The causations of both inter- and intratumor heterogeneity in breast cancer is debated (80), partly because knowledge about the hierarchical relationship between different epithelial cells in the normal breast is still at the hypothetical stage, but also because cell-of-origin and tumor progression paths of breast cancers are not yet defined.
Two hypothetical models explaining intertumor heterogeneity are frequently proposed (recently reviewed by Visvader; ref. 81). The genetic model points to the same cell of origin but different initiating events that will lead to different molecular subtypes. The other model points to each subtype having different cells of origin. It is also acknowledged that a combinatory model might be plausible as well, in which not only different cells of origin but also different initial events can explain the diversity in molecular subtypes (82). The differences in the genome and the transcriptome between luminal A and basal-like tumors indicate that these diseases have very distinct pathogenesis. Several studies have also shown that genome-wide patterns of DNA methylation differ between luminal and basal-like tumors, with similarities to CD24+ cells (luminal cells) and CD44+ cells (progenitor cells) (83–86). Although it is tempting to speculate that this is related to cell of origin, recent work has pointed to luminal progenitors as the cell of origin for both basal-like and luminal tumors (87, 88).
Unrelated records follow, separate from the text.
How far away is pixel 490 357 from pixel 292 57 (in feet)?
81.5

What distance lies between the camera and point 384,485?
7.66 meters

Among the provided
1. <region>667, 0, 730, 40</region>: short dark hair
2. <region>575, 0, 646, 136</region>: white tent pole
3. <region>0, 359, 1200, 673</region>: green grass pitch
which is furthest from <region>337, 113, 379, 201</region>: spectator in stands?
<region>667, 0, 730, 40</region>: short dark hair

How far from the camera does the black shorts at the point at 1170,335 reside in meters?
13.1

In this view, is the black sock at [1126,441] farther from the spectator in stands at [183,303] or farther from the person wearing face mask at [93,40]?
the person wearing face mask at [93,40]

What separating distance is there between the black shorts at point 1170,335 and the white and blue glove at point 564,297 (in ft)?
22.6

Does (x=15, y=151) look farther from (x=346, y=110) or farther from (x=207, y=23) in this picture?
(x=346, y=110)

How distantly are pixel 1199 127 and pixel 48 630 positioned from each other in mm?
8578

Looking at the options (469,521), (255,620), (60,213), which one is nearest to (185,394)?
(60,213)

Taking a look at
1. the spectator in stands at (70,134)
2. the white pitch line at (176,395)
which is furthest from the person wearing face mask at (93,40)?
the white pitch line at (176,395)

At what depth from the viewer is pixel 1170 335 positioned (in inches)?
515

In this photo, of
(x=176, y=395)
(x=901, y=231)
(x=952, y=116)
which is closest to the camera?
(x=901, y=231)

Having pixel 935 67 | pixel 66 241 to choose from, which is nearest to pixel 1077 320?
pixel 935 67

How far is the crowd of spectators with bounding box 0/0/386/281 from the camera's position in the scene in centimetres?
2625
Tumor progression is an important basis to explain intratumor heterogeneity, and different models are plausible (89, 90). The clonal evolution model originally proposed by Nowell in 1976 suggests that tumors evolve by the expansion of one (monoclonal) or multiple (polyclonal) subpopulations to form the tumor mass (Figure 3A and ref. 91). In this egalitarian model, all clones have the potential for continued proliferation and Darwinian selection. In contrast, the cancer stem cell model suggests a hierarchical organization in which tumor heterogeneity is explained by several rare precursor cells, each giving rise to a different subpopulation within the tumor (Figure 3B). Another model for tumor progression, the mutator hypothesis, suggests that tumors evolve by the gradual and random accumulation of mutations as the tumor grows (Figure 3C), which suggests a vast degree of diversity in the tumor rather than clonal subpopulations (92). As illustrated in Figure 3D, different progression models can result in distinct spatial distribution of subpopulations, but whether such patterns are subtype specific is still unknown.
Hypothetical models explaining intratumor heterogeneity. (A–C) Different models of tumor progression can give rise to distinct types of intratumor heterogeneity, exemplified here by the clonal evolution (A), the cancer stem cell (B), and the mutator phenotype (C) models. (D) The different models can result in distinct spatial distributions of subpopulations.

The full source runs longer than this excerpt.